ABOUT THIS EXERCISE: Transcribe the stretch of entries below from the line with "May include: Close-up" through the line with "Two colorful grain", exactly and with both ends included; leave out all other lines.

RECORDS SHOWN:

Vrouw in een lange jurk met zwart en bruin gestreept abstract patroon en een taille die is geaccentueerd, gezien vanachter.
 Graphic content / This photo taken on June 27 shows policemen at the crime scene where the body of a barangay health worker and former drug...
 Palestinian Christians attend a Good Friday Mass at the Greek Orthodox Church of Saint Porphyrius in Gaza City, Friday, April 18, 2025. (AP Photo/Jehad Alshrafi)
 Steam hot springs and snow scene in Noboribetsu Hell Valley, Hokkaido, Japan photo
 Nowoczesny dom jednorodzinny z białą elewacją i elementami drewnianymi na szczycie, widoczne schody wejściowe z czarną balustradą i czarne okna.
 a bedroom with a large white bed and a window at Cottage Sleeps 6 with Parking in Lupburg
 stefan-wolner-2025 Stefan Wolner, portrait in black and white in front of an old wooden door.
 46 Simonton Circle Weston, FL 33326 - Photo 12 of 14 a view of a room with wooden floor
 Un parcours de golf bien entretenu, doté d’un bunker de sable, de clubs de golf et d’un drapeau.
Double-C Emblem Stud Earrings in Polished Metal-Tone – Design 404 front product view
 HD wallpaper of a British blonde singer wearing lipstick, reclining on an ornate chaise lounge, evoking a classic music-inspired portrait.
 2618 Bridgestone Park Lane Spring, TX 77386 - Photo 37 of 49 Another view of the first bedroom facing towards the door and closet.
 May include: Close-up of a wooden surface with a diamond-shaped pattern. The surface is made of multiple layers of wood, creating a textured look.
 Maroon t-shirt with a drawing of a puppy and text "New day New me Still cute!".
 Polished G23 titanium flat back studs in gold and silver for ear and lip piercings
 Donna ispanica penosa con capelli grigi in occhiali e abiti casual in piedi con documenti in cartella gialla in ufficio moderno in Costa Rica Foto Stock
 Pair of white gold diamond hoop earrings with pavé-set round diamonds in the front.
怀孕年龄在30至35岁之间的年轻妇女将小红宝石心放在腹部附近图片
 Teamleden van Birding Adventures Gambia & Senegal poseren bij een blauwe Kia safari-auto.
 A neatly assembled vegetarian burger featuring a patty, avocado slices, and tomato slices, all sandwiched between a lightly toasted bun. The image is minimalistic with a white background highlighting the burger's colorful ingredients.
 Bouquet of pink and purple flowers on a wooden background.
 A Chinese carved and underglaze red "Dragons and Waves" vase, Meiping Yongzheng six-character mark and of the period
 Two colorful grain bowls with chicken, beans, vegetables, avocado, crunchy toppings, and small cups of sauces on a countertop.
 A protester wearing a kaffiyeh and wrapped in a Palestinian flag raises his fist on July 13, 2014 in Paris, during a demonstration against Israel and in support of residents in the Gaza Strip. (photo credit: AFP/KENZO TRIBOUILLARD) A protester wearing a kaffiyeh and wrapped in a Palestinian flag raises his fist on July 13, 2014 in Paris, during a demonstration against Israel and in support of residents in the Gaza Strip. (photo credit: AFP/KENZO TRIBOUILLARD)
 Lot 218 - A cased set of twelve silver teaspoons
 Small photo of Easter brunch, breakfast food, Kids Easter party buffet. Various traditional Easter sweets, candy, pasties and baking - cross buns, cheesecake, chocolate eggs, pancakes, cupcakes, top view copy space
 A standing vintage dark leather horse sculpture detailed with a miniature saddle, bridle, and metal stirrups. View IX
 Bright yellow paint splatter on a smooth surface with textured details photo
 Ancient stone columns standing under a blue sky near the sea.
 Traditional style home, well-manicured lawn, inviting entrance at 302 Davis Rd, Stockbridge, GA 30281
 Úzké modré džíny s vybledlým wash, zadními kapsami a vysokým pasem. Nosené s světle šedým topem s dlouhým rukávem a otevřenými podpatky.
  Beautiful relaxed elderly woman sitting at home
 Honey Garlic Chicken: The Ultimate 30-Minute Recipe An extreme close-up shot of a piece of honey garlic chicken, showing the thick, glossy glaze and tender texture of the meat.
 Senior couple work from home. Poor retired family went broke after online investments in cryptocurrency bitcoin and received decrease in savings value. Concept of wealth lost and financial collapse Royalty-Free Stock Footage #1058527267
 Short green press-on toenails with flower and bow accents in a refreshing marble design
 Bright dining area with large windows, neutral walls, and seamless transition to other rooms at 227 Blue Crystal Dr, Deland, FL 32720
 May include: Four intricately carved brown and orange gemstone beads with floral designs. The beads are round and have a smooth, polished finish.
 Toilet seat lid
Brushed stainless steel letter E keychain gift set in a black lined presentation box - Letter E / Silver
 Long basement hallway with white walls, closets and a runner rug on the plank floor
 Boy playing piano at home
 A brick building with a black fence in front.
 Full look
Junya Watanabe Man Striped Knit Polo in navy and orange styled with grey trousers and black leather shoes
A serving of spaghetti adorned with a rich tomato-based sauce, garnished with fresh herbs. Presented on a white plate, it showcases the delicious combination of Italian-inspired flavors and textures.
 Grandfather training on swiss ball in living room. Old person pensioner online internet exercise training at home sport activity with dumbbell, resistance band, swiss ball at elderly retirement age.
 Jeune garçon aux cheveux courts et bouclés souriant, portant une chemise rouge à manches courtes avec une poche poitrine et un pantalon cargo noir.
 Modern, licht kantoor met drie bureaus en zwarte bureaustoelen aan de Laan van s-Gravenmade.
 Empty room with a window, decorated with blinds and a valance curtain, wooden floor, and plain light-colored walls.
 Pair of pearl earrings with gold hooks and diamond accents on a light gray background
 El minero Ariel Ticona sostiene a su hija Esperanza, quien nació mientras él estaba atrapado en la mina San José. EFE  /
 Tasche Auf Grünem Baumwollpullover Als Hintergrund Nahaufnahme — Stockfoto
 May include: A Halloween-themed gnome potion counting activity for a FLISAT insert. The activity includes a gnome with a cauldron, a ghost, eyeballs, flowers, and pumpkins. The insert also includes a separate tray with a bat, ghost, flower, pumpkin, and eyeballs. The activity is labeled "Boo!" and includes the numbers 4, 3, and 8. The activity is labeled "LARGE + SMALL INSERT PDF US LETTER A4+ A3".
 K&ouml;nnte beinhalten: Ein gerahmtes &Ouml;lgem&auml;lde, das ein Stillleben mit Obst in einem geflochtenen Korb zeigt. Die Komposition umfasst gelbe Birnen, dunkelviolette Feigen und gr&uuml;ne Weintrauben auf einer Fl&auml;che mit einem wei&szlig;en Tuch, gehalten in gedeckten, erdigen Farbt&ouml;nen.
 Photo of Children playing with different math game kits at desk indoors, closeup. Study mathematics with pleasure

ANSWER AREA:
 May include: Close-up of a wooden surface with a diamond-shaped pattern. The surface is made of multiple layers of wood, creating a textured look.
 Maroon t-shirt with a drawing of a puppy and text "New day New me Still cute!".
 Polished G23 titanium flat back studs in gold and silver for ear and lip piercings
 Donna ispanica penosa con capelli grigi in occhiali e abiti casual in piedi con documenti in cartella gialla in ufficio moderno in Costa Rica Foto Stock
 Pair of white gold diamond hoop earrings with pavé-set round diamonds in the front.
怀孕年龄在30至35岁之间的年轻妇女将小红宝石心放在腹部附近图片
 Teamleden van Birding Adventures Gambia & Senegal poseren bij een blauwe Kia safari-auto.
 A neatly assembled vegetarian burger featuring a patty, avocado slices, and tomato slices, all sandwiched between a lightly toasted bun. The image is minimalistic with a white background highlighting the burger's colorful ingredients.
 Bouquet of pink and purple flowers on a wooden background.
 A Chinese carved and underglaze red "Dragons and Waves" vase, Meiping Yongzheng six-character mark and of the period
 Two colorful grain bowls with chicken, beans, vegetables, avocado, crunchy toppings, and small cups of sauces on a countertop.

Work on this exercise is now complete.